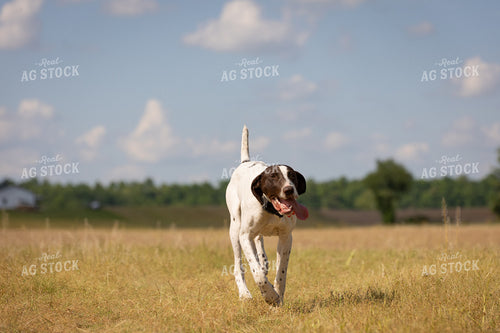 Farm Dog 52379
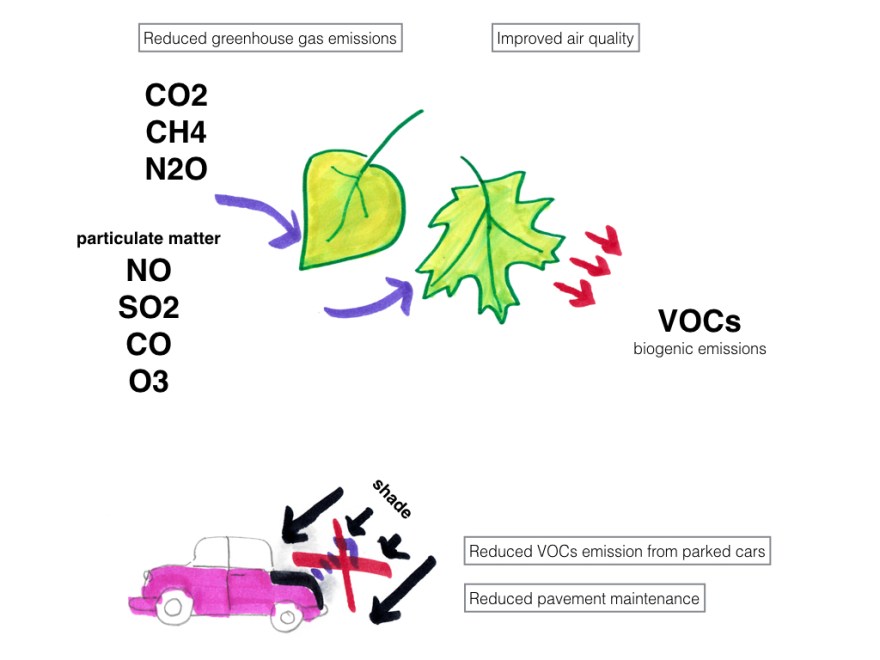 Sustainable City_03_s.003
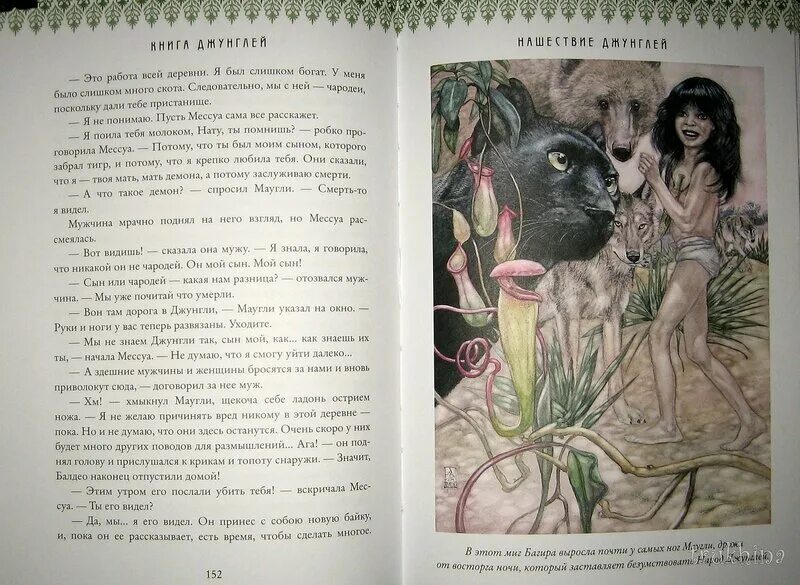 Маугли читать сколько страниц в книге. Маугли книга советское издание. маугли книга главы. маугли читать полностью. киплинг маугли сколько страниц.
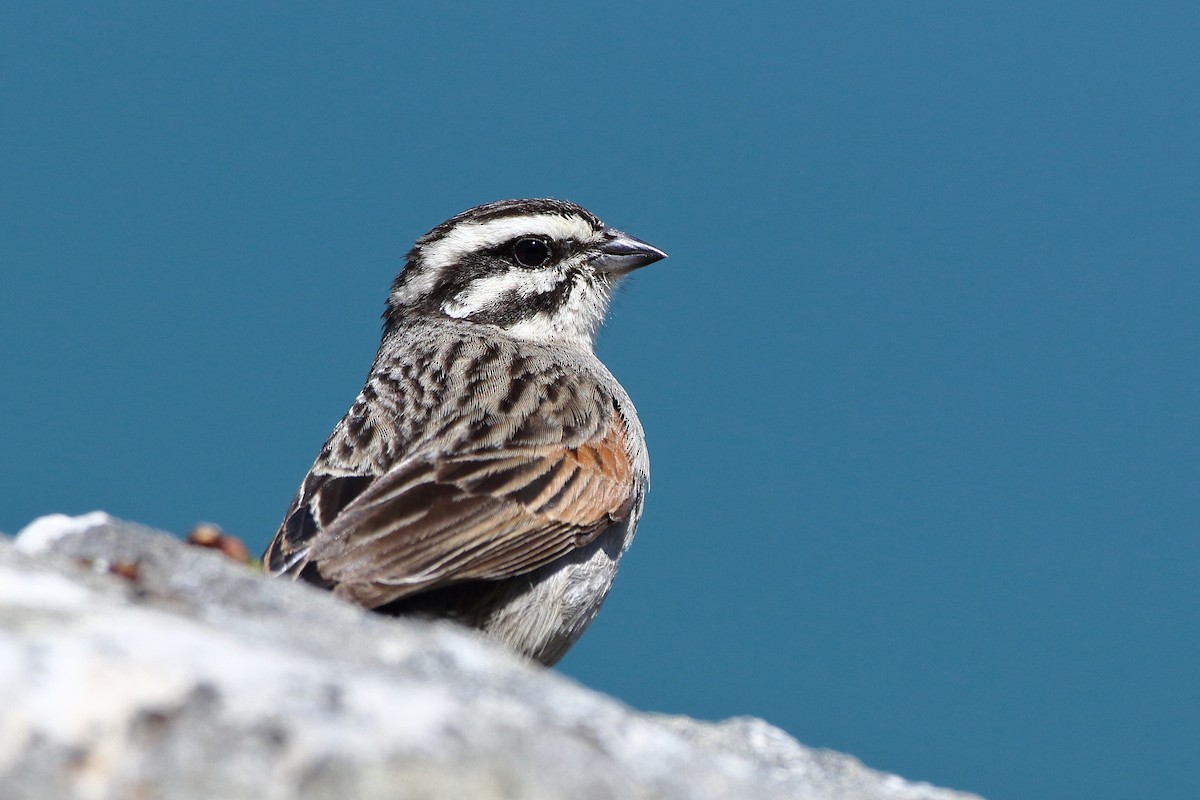 Cape Bunting (Cape) - ML611650452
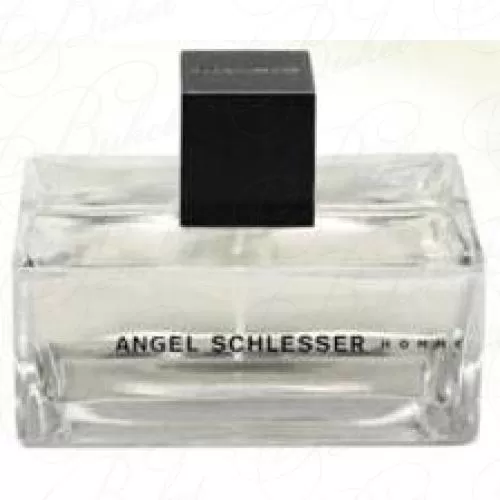 Туалетная вода Angel Schlesser MAN 125ml edt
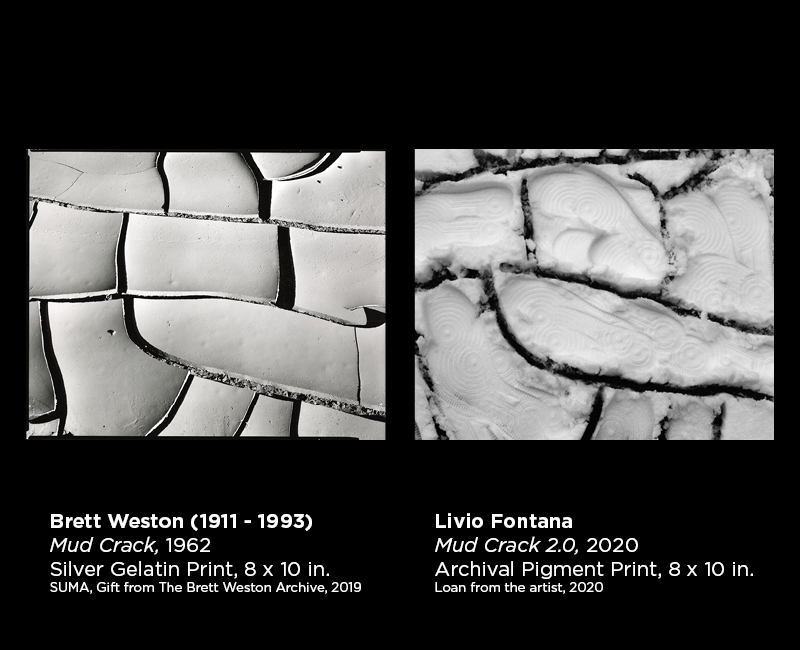 Weston and Fontana photography 30
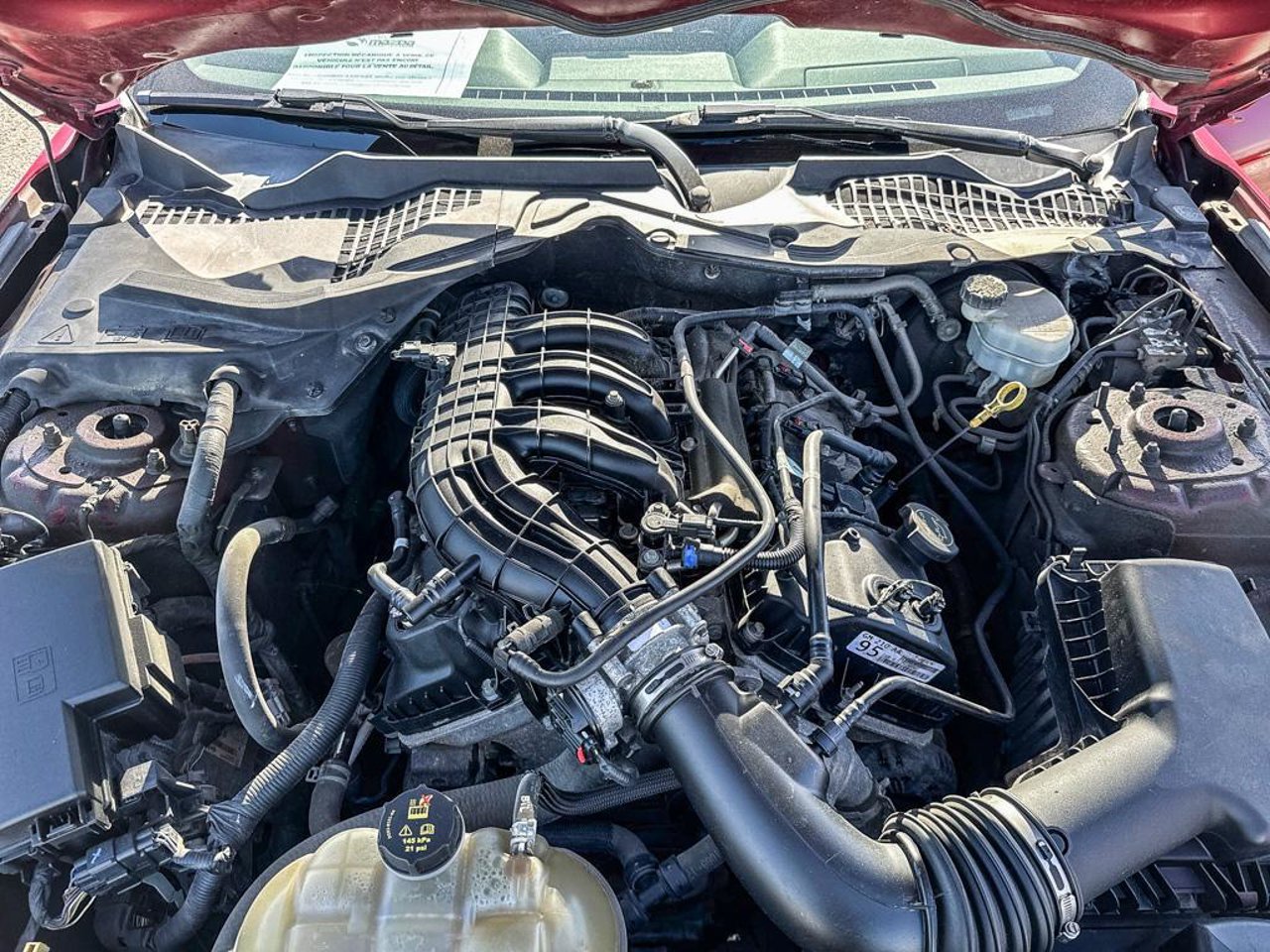 2016 Ford Mustang 1FA6P8AM3G5308367 Red Mirabel - photo #12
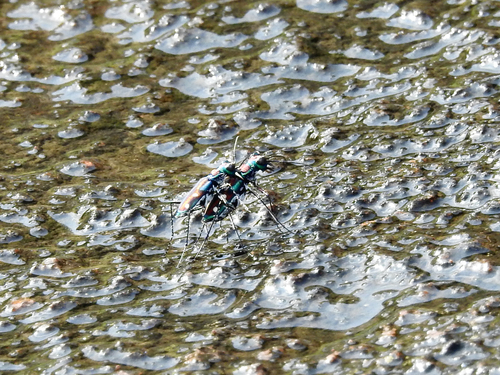 Crimson Tethys Tiger Beetle photo 2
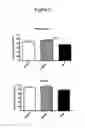 Fig. 06 - Methods of treating dementia using a GM-CSF antagonist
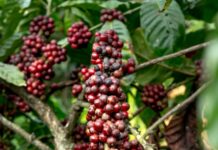close up of coffee growing on a tree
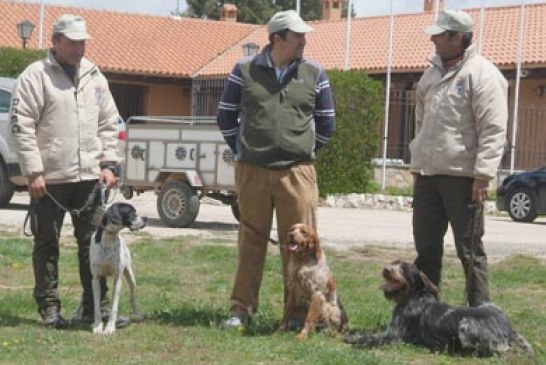 Avance del programa del «Aula Canina» de la Escuela Española de Caza para 2011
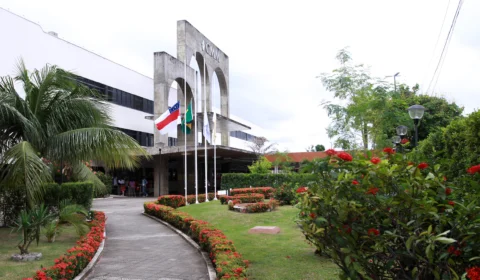 CMM terá espaço exclusivo para cães e gatos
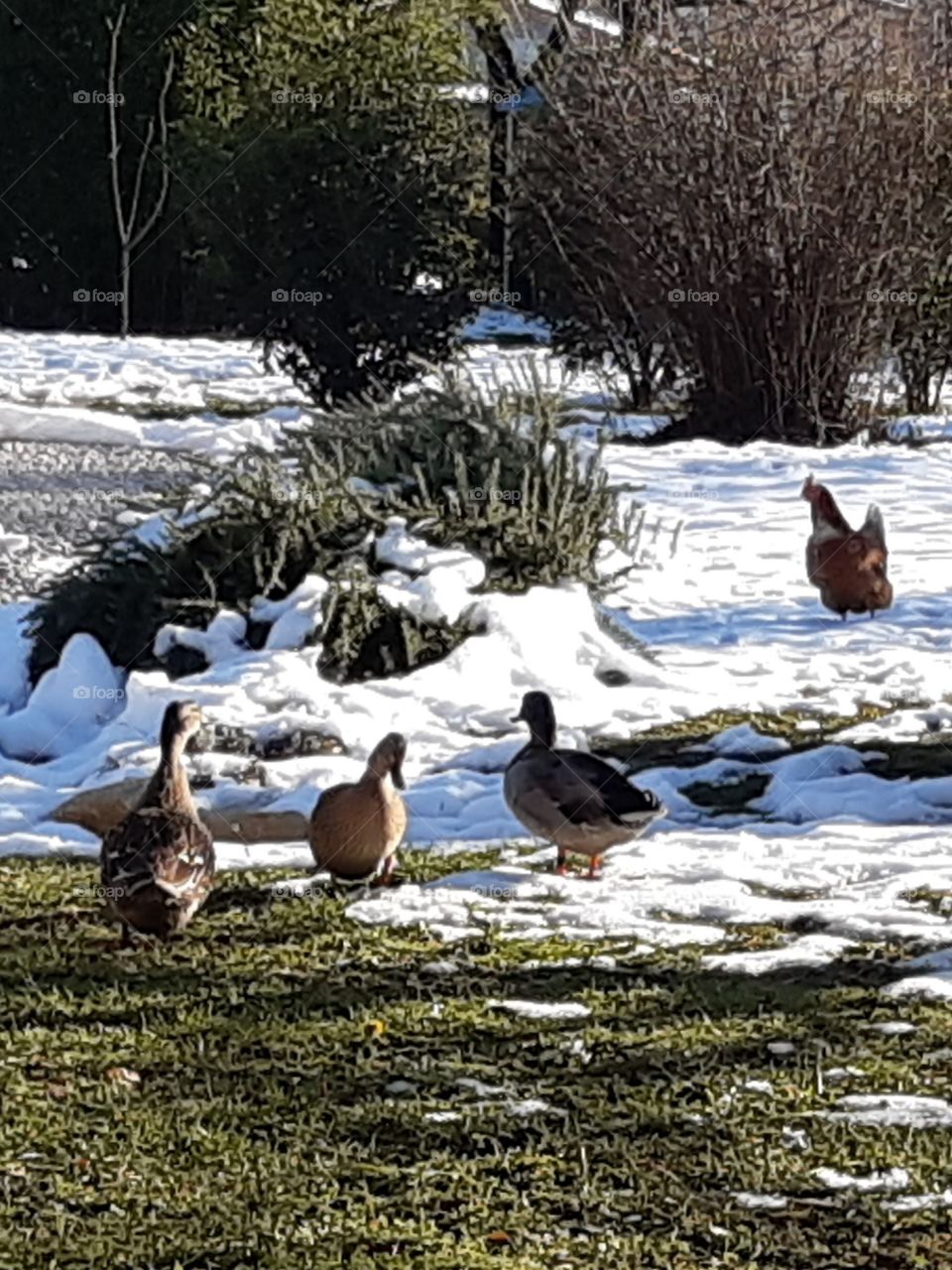 some ducks and a hen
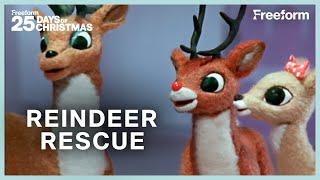 Reindeer Rescue | Rudolph the Red-Nosed Reindeer | Freeform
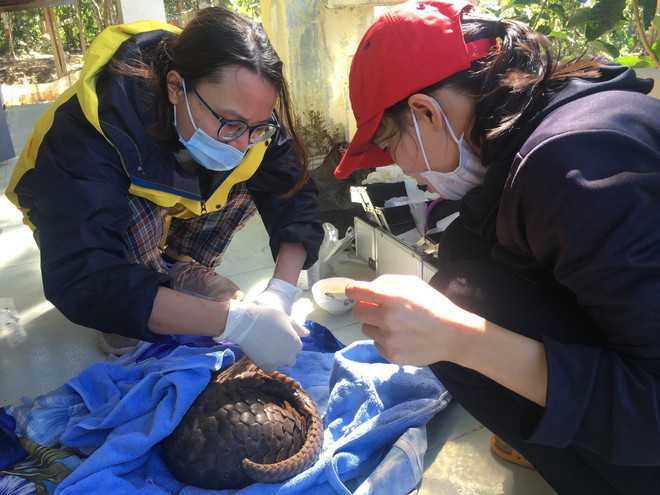 Le parc national de Cuc Phuong reçoit sept animaux sauvages ảnh 1 Le parc national de Cuc Phuong reçoit sept animaux sauvages ảnh 1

▶ _ABOUT THIS TASK_: Apart from its pictures, the data is to be repeated exactly.

▶ _SOLUTION FOR THIS PROBLEM_:
 Farm Dog 52379
 Sustainable City_03_s.003
 Маугли читать сколько страниц в книге. Маугли книга советское издание. маугли книга главы. маугли читать полностью. киплинг маугли сколько страниц.
 Cape Bunting (Cape) - ML611650452
 Туалетная вода Angel Schlesser MAN 125ml edt
 Weston and Fontana photography 30
 2016 Ford Mustang 1FA6P8AM3G5308367 Red Mirabel - photo #12
 Crimson Tethys Tiger Beetle photo 2
 Fig. 06 - Methods of treating dementia using a GM-CSF antagonist
close up of coffee growing on a tree
 Avance del programa del «Aula Canina» de la Escuela Española de Caza para 2011
 CMM terá espaço exclusivo para cães e gatos
 some ducks and a hen
 Reindeer Rescue | Rudolph the Red-Nosed Reindeer | Freeform
 Le parc national de Cuc Phuong reçoit sept animaux sauvages ảnh 1 Le parc national de Cuc Phuong reçoit sept animaux sauvages ảnh 1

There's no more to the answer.